| EXERCISE DETAILS |
Reproduce only the lines below from the line containing "Trendy Crystal Inlaid" to the line containing "Shop Vince Short-sleeve", exactly as written, with both end lines kept. Omit the pictures.

| DATA TO PROCESS |

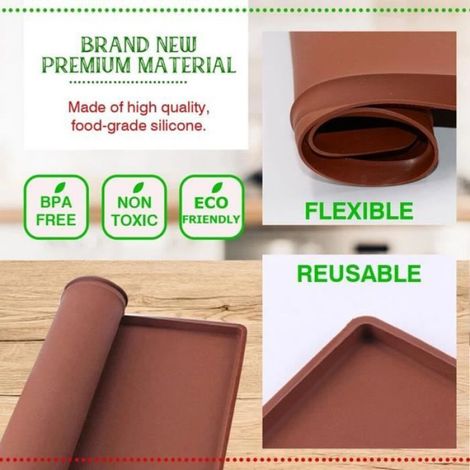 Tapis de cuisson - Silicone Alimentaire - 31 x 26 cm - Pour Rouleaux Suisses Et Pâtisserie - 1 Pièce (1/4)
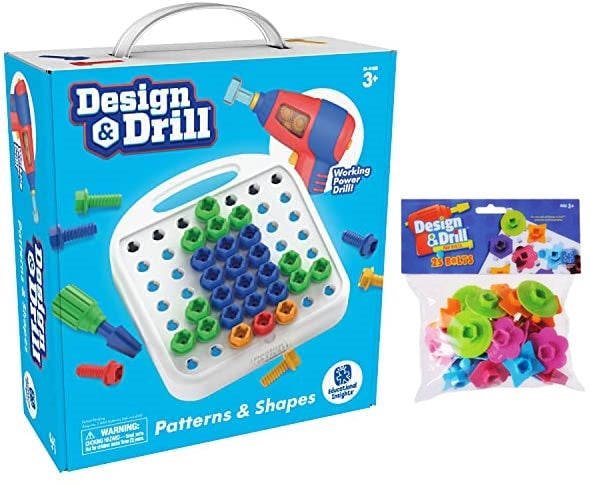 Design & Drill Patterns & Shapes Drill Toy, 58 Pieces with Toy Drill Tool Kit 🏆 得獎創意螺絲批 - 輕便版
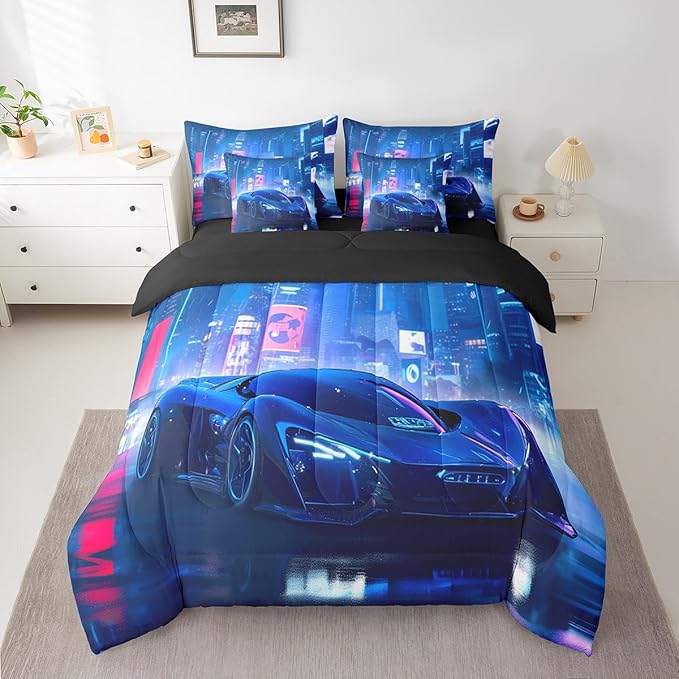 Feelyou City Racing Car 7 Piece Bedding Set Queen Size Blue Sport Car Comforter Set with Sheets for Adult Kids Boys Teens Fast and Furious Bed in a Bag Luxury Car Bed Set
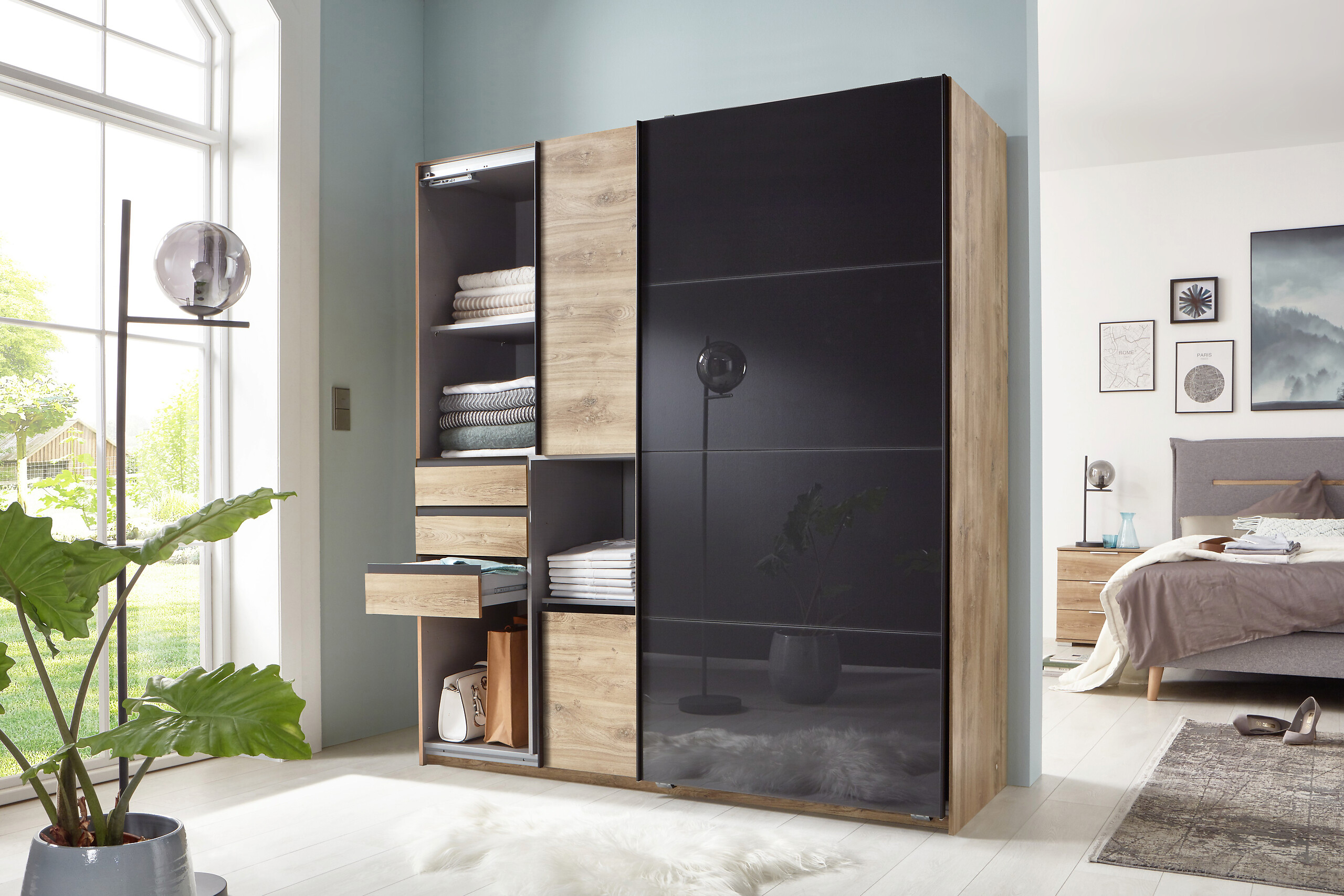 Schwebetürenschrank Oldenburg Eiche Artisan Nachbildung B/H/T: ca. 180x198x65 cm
* * *
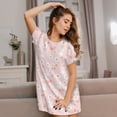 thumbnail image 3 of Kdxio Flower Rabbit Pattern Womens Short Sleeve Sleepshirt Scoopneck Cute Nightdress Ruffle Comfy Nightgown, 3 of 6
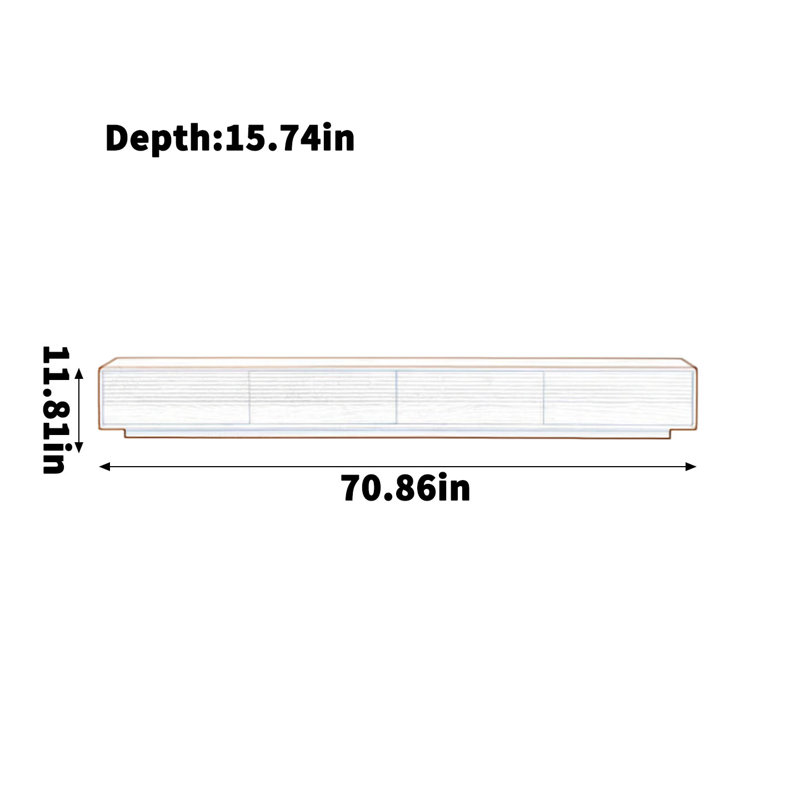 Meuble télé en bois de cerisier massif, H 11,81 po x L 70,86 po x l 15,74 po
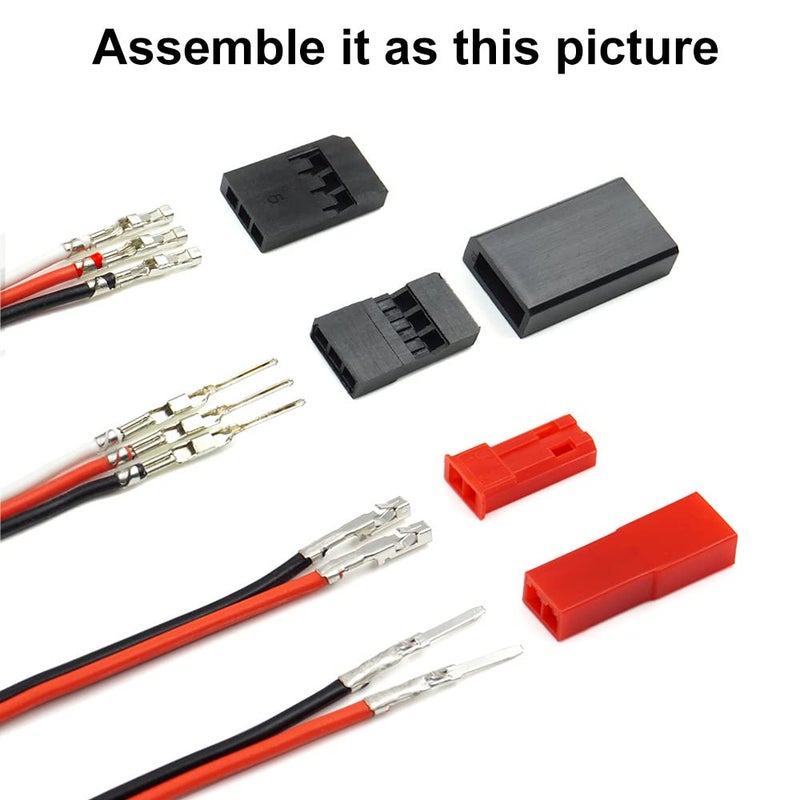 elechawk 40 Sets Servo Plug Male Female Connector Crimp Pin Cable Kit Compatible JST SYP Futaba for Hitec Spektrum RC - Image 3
--
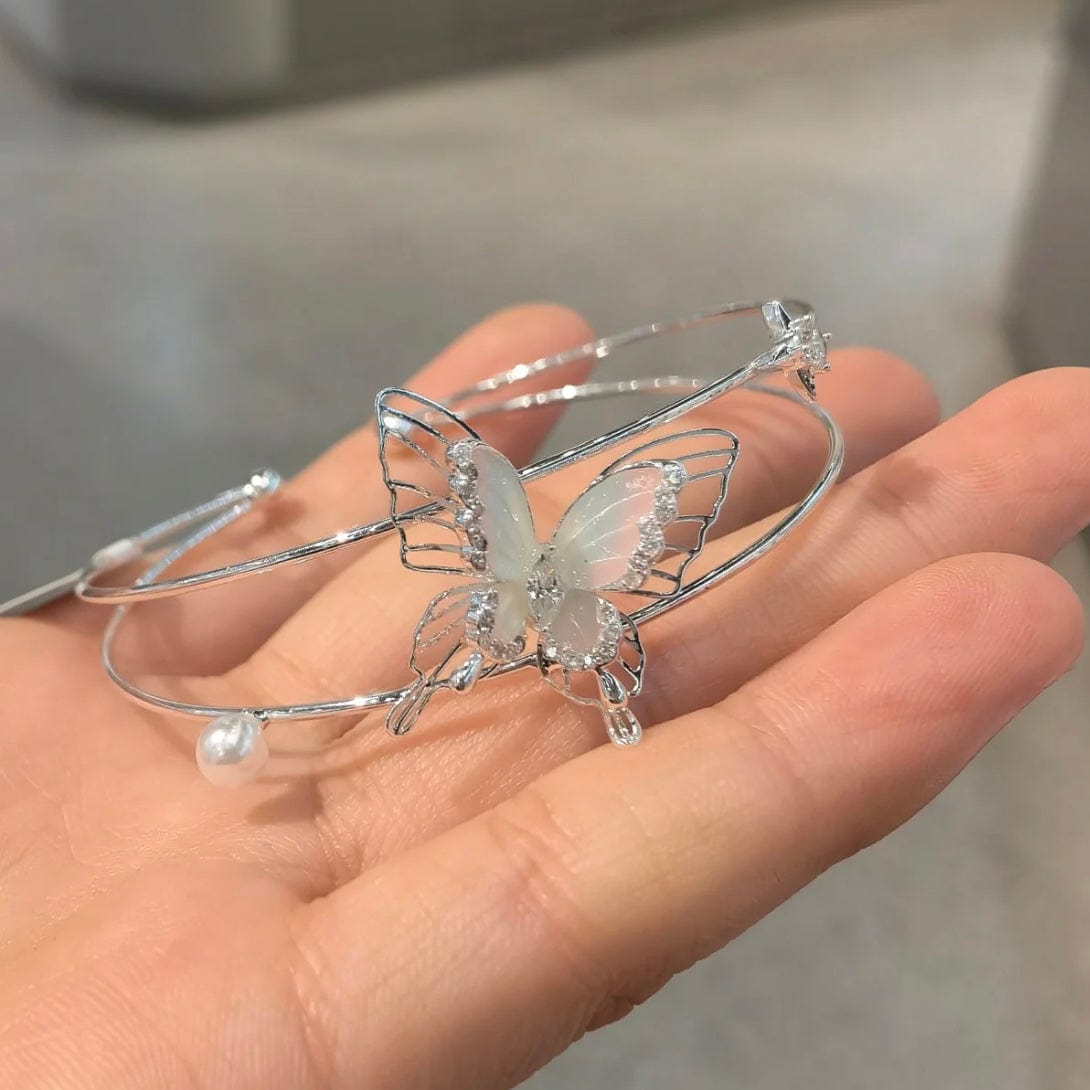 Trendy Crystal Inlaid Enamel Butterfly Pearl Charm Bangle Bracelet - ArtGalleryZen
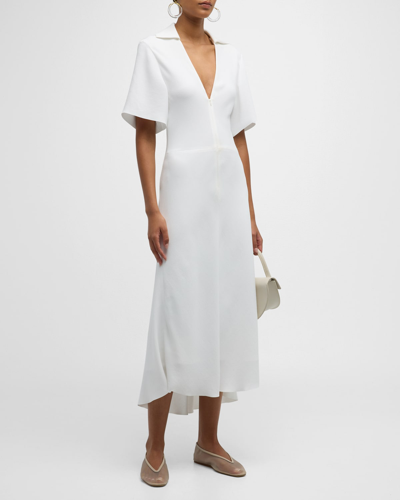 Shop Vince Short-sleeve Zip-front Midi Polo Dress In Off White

| SOLUTION |
 Trendy Crystal Inlaid Enamel Butterfly Pearl Charm Bangle Bracelet - ArtGalleryZen
 Shop Vince Short-sleeve Zip-front Midi Polo Dress In Off White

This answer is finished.